This single volume contains all the string quartets of the little-known early quartets in an Italianate manner composed between 1770 and 1773: the six quartets dedicated to Franz Josef Haydn (1782–85); the D Major Quartet (K.499) composed in 1786; and the last three quartets (1789-90) written for the King of Prussia. In addition to the 23 string quartets, the volume contains an alternate slow movement to the G Major Quartet, K. 156. The music is photographically reprinted from the Breitkopf & Härtel printed score, still considered the standard, authoritative edition for the Mozart quartets. Noteheads in this edition have been reproduced in a size large enough to be read easily from a music stand or the keyboard, and margins and spaces between staves are conveniently wide to permit written notes, harmonic analysis, fingerings, and running measure numbers. This edition is practical for study, reference, enjoyment — virtually any use.
Johann Georg Leopold Mozart, the Austrian composer, toured Europe with his son, child prodigy, noted Wolfgang Amadeus Mozart, who gracefully and imaginatively refined the classical style with symphonies, concertos, operas, Masses, sonatas, and chambers among his 626 numbered works.
Wolfgang Amadeus Mozart prolifically influenced the era. Many persons acknowledged this pinnacle of piano and choral music. His popularity most endures.
Mozart showed earliest ability. From the age of five years in 1761 already competently on keyboard and violin performed before royalty.
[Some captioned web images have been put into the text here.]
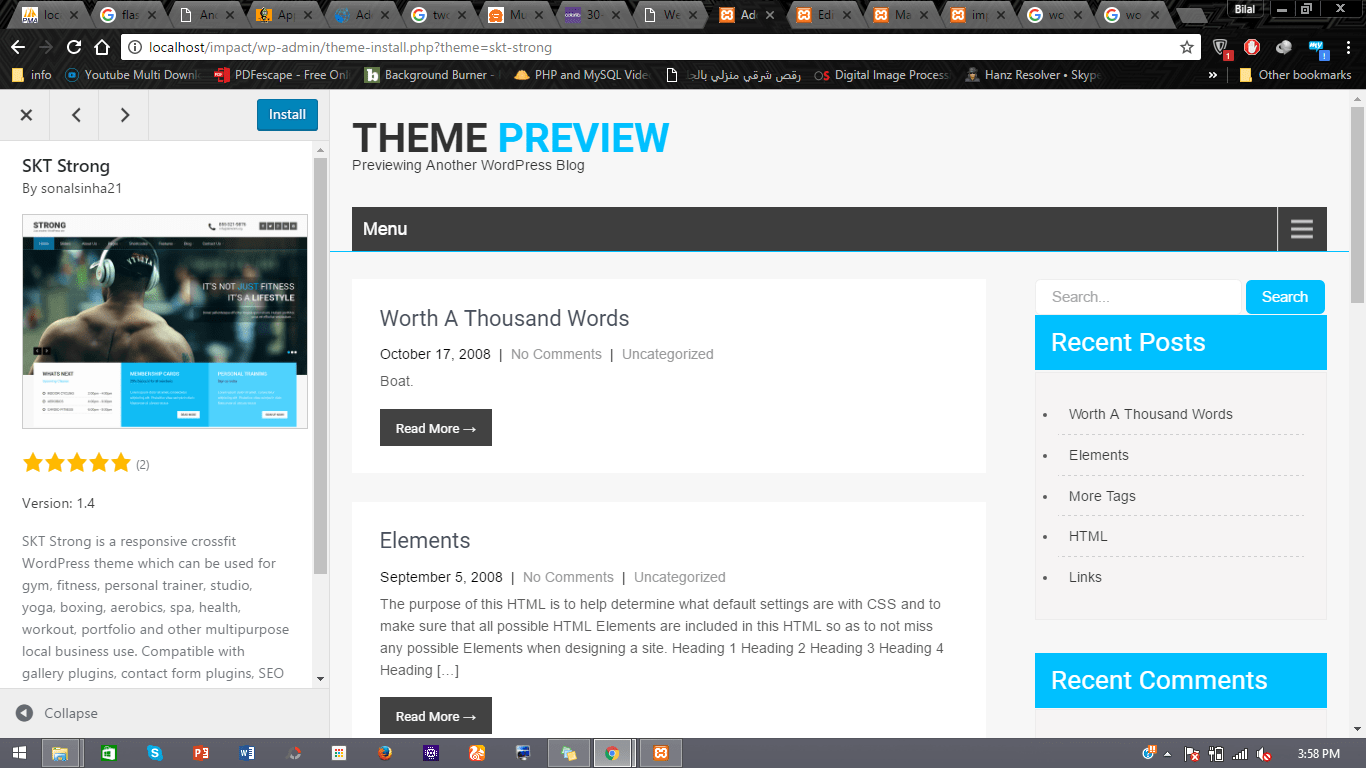 localhost Wordpress themes installation or installation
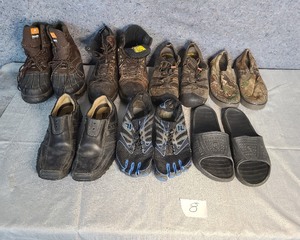 7 Pairs of Mens Boots and Shoes, Size 13 ( Crocs, Ozark trail, Dr. Martens)
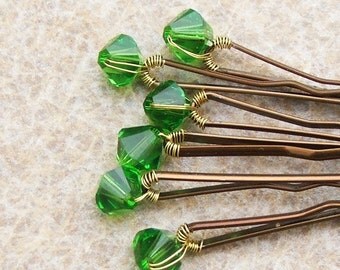 Fern Green Hair Pins Swarovski Crystal (wedding bobby pins - set of 6)
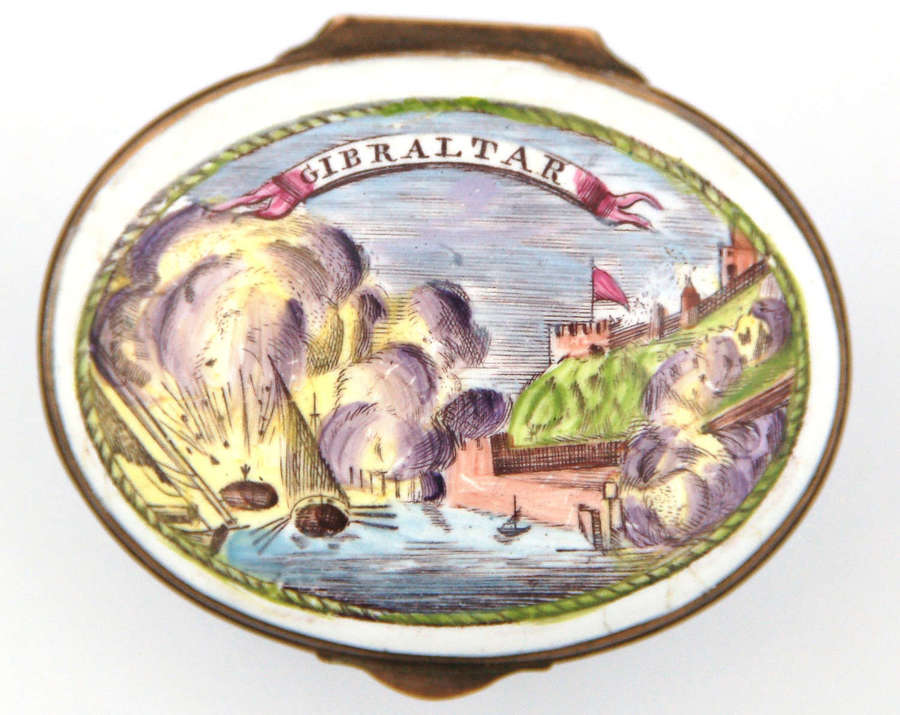 Enamel patch box depicting the Great Siege of Gibraltar C1782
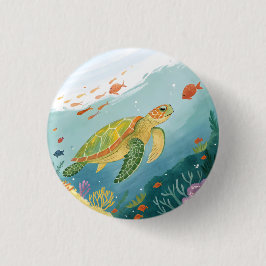 Badge Rond 2,50 Cm Painting Turtle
At seventeen years in 1773, a court musician in Salzburg engaged him, who restlessly traveled always abundantly in search of a better position.
Mozard visited Vienna in 1781; Salzburg dismissed his position, and he chose to stay in the capital and achieved fame but little financial security over the rest of life. The final years in Vienna yielded his many best-known Requiem. People much mythologized the circumstances of his early death. Constanze Mozart, his wife, two sons survived him.
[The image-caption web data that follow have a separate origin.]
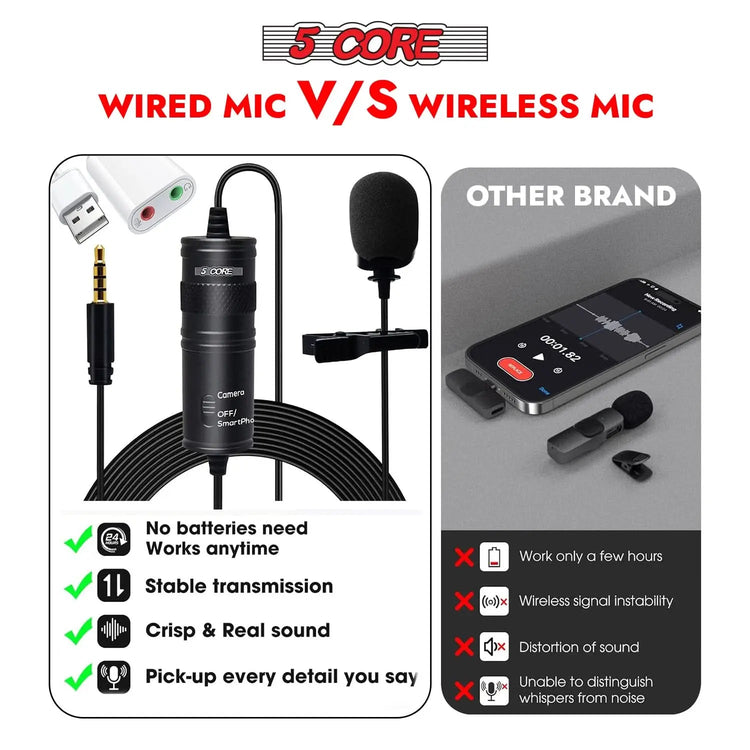 5 Core Microphone Professional Lavalier Mic Wearable Omnidirectional Condenser 3.5mm Body Microfono - HONORABLE VETERANS SOLUTIONS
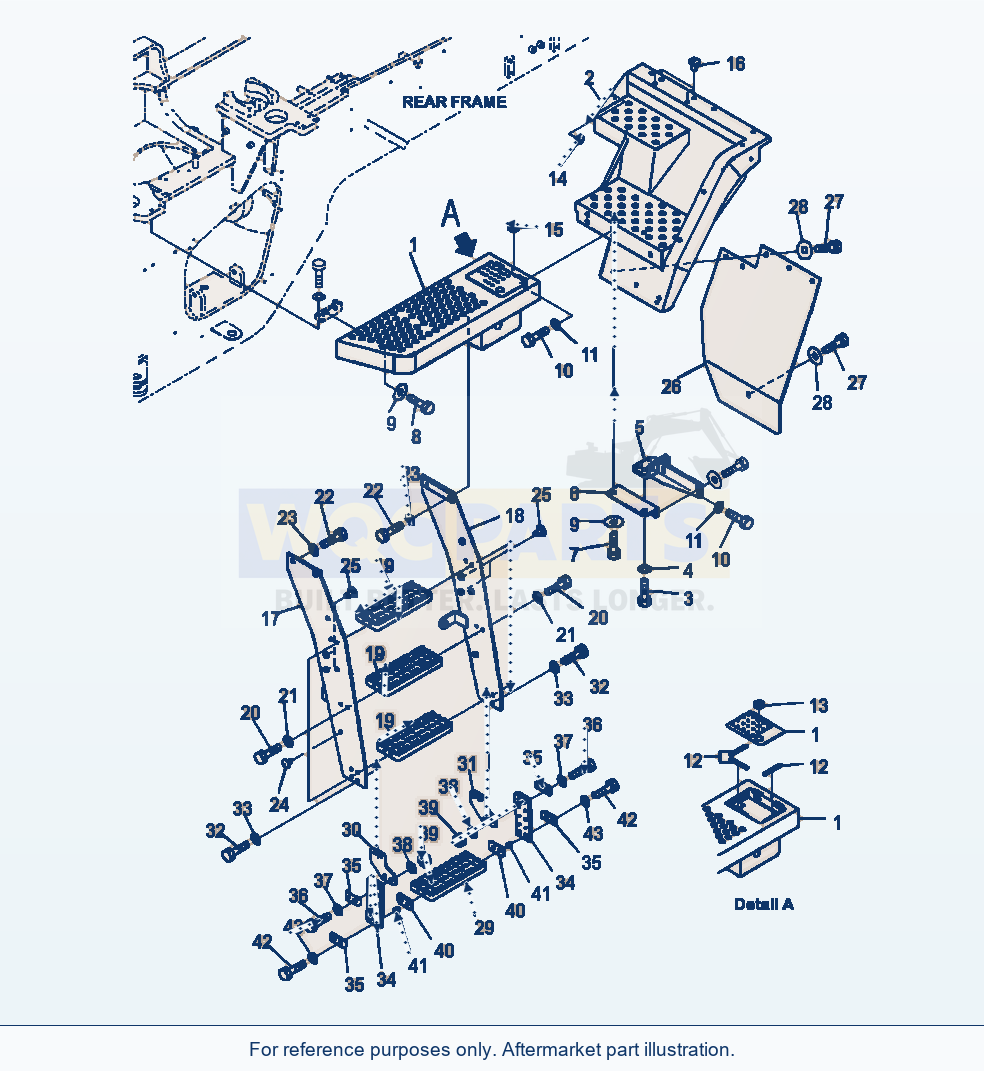 Komatsu WA380-7 L.H. Ladder With Rear Full Fender parts diagram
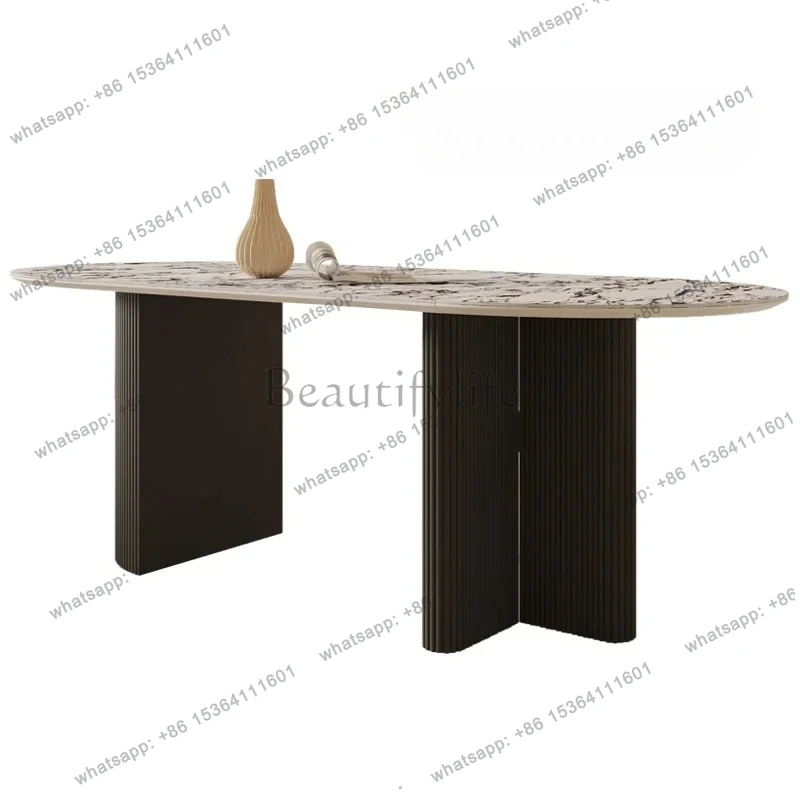 Slate dining table household simple modern high-end folding oval dining table and chair combination fashion
Slate dining table household simple modern high-end folding oval dining table and chair combination fashion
Mozart always learned voraciously and developed a brilliance and maturity that encompassed the light alongside the dark and passionate; a vision of humanity, "redeemed through art, forgiven, and reconciled with nature and the absolute," informed the whole. He profoundly influenced all subsequent western art music. Ludwig van Beethoven wrote on his own early in the shadow of Mozart, of whom Franz Joseph Haydn wrote that "posterity will not see such a talent again in 100 years."